Evening view of Devils Track Lake from behind our campsite


One of our best campsites of the year

Good spot for a campfire


The Devil Track Lake gets it’s name from the Devil Track River which flows through it.  The Anishinabe Indian name for the river is “Manido bimadagakowini zibi”  which supposedly translates into english as “spirits walking place on the ice river”.  This suggests something supernatural about the lake, not necessarily bad, could be good spirits.  I feel something may be lost in this translation.  However, we do have a Loon or two on the lake and the call of the Loon could be considered a supernatural sound. 
  

The sign at the campground
    

We take an approximate four mile roundtrip hike on the Superior Trail from the Pincushion Overlook off Gunflint Trail to the bluffs.  On the bluffs we find a woman resting who has been backpacking on the trail for the past week.

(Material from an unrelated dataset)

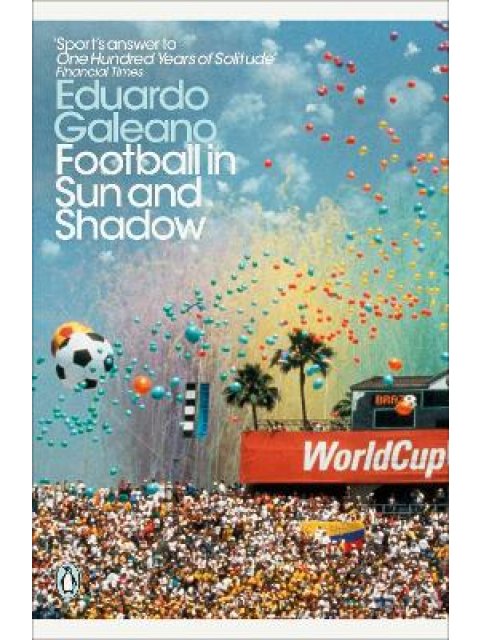 PENGUIN MODERN CLASSICS : FOOTBALL IN SUN AND SHADOW PB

She is headed for the overlook parking lot where we started the hike and is hoping it has water as she is running low.  She has some water from a beaver pond and could filter it, but would prefer not to.  We didn’t have any on us to spare but remembered on our way back that we had a couple of bottles in the Jeep.  As expected she was right behind us as we arrived back at the overlook and was really happy to get that water which would get her to her next water location.  It always makes you feel good to help a someone on the trail.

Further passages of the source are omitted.